Friday, February 15, 2008

When the Trains-a-comin'

Simon uses images of train tracks and train horns frequently throughout all seasons of the wire. I think its an interesting choice of metaphors in both a literary and historical sense.

In his book on the history of Chicago, Nature's Metropolis, William Cronon argues that railroads themselves partially made Chicago the largest Midwest city. Chicago was the eastern terminus of many western railroad systems and the western terminus of many eastern railroad systems. In Cronon's "birds-eye" view of Chicago, railroads were gigantic symbols of capital. For Cronon: "At the most abstract level, the railroads' hierarchies of corporate wealth and managerial power respresentated a vast new concentration of capital... As perceived by those who ran it, a railroad was a pool of capital designed to make more capital." (1) More than this, railroads represented the industrialization and pooling of capital that was to build the great cities, bring culture together, "progress" into a new American Century, etc. For 19th Century Progressives, railroads were the iron knight in shining armor to haul America (and its wheat) into a new world economy.
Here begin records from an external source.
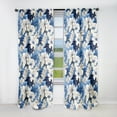 thumbnail image 1 of Designart "Oasis Of Azure In The Tropics V" Tropical Blackout Curtain Single Panel, 1 of 4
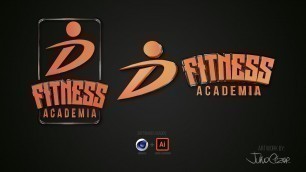 '#01 - D Fitness Academia Speed Art (Cinema 4D)'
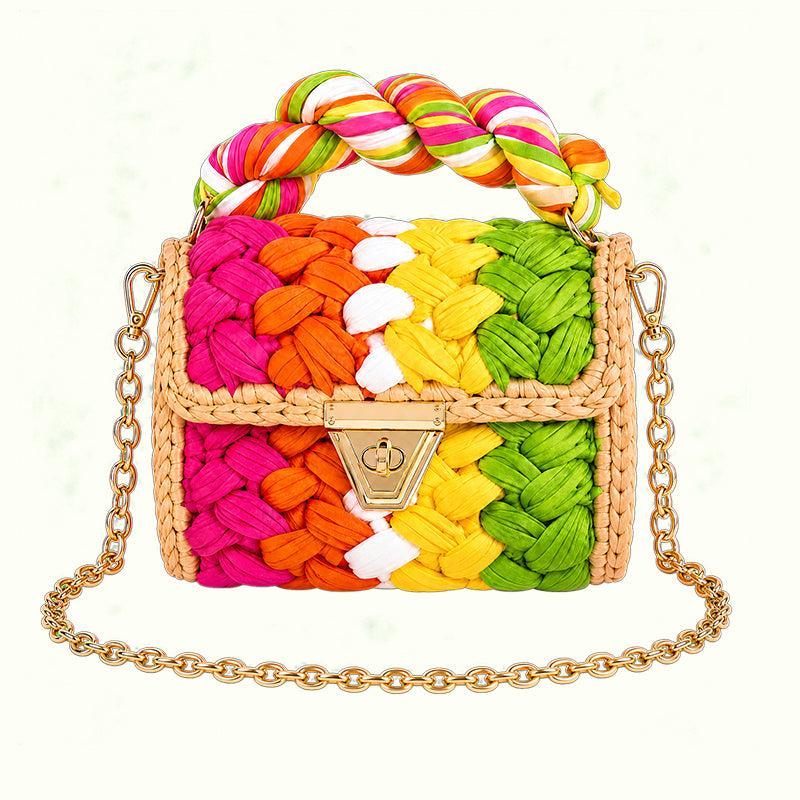 ✨Handwoven Braided Crossbody Bag - Boho Chic Summer Shoulder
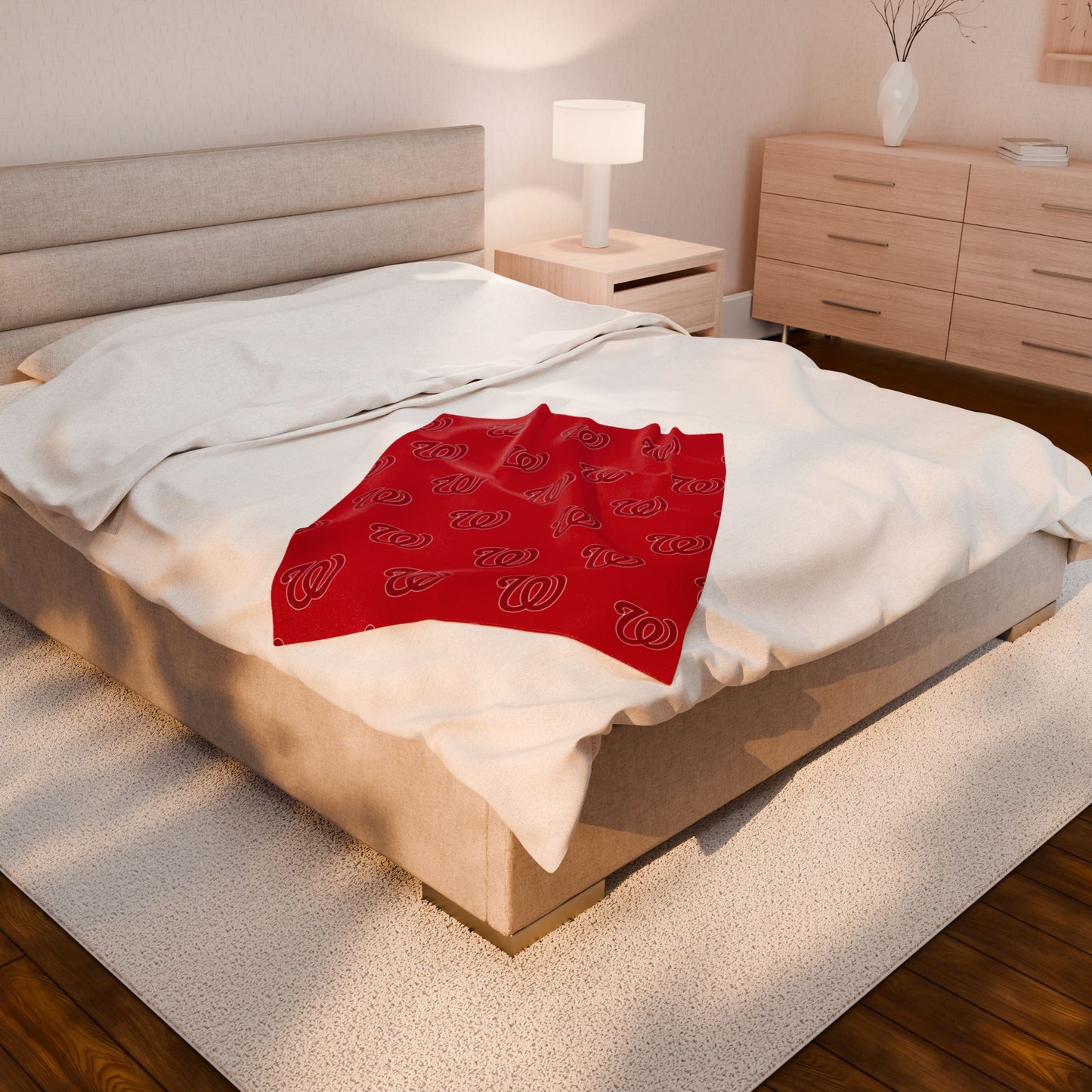 Cozy Velveteen Microfiber WEST JESSAMINE Blanket for Home Decor, Perfect for Gifting, Sports Fans, Game Day, Cozy Evenings, Home Accent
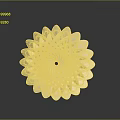Decorative Wooden Furniture With Spiral Petal Design And Intricate Carving
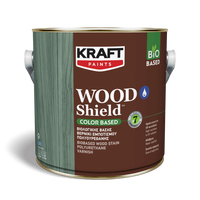 Acrylic Impregnation Varnish Wood Shield Color Based- Kraft Paint "Transparent" 0.75L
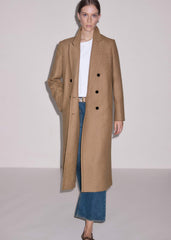 Brown Double-Breasted Coat meandem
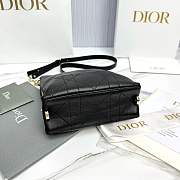Fortok Dior Small Vertical Dior Trianon Bag Chain Black Flat Macrocannage Lambskin 18 x 21 x 7cm - 4
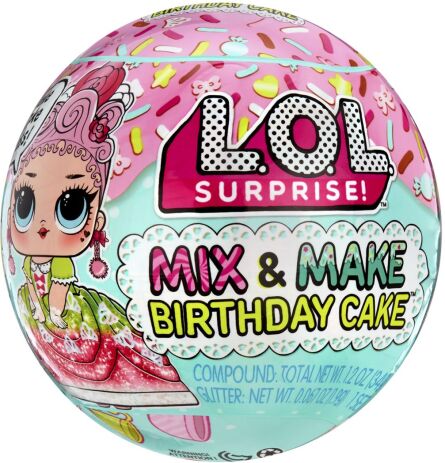 L.O.L Surprise Mix & Make Birthday Cake Κούκλα-9 Σχέδια-1Τμχ (593140EUC) (0)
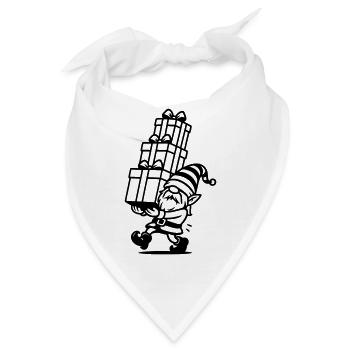 wichtel geschenke - Bandana - Weiß - Vorne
With the collapse of this industrial order, highlighted so poignantly in season 2, comes the collapse of the inner city. There are no longer jobs to be had and children like Dukie don't know where to turn if not to the drug trade. Nicky Sebotka knows that his son will never become a stevedore because that job, like the dinosaurs and his union, is no longer found in Baltimore.

Train horns are often utilized at important moments in the show. The standoff between Omar and Brother Mouzone is a good example. In this case, the train horn fills the silence, seems to push the moment to climax, and adds to the many western film elements in the scene (stylistically this is a wild west gun fight at high noon (or one held at midnight in Baltimore). Trains are a major symbol in the western film genre as well. They symbolize the coming of the east and changes to western society, particularly the lawless independence mythologized in the cowboy. I will certainly talk further about my theories on Simon's elements of the western film genre in a future post.

Besides these examples, trains seem to represent an unavoidable fate for the characters. The train is coming and Baltimore is left standing in the tracks. The train tracks is indeed a common place for McNulty-Bunk drinking sessions, and these often involve complaining about what is ru(i)nning their life and job. The point in this instance is that they, like a boxcar, are not in control of where they are going in their career or life.

These are only a few ideas on the use of trains and transportation in the Wire. I'm sure ideas in this post will be added to or modified in the future. One point of this blog, I guess.

As far as this season goes... one certainly gets a sense that the train is indeed a-comin' though I don't think many are going to make it off the tracks.

(1) William Cronon, Nature's Metropolis: Chicago and the Great West (New York: W.W. Norton. 1991), 81.

1 comment:

B Northcut said...

Nice work.

In 56, the only whistle I noticed was during Lester and McNulty's late night meet.

I'm always interested in how the story is broken, the sequencing of the threads.

So we have in that DARK scene between our two conspirators: McNulty's indignation over the principle of the thing, how the "assholes" won't give them what they need. They "have to" (are forced by circumstances) to go get another body.

The next scene between the two of them, in the cold hard light of day, following interim scenes of Lester's following the Marlo thread but pushing aside the Clay Davis case, and McNulty's statue soliloqy and the fruitless DOA scene, and now McNulty's playing the witholding asshole to Lester's request.

As much as I'd like to hold faith with Lester's morality and sanity, he's not acknowledging that McNulty is by this point, delusional. Lester should know better.

It's a question of degree with the two of them. McNulty's lost all perspective while Lester has some major blind spots, or at least appears to. We seen Lester call McNulty on his shit before, back in S3 when he told him to get a life, so at that point, he could read McNulty. Now, it appears he's lost perspective.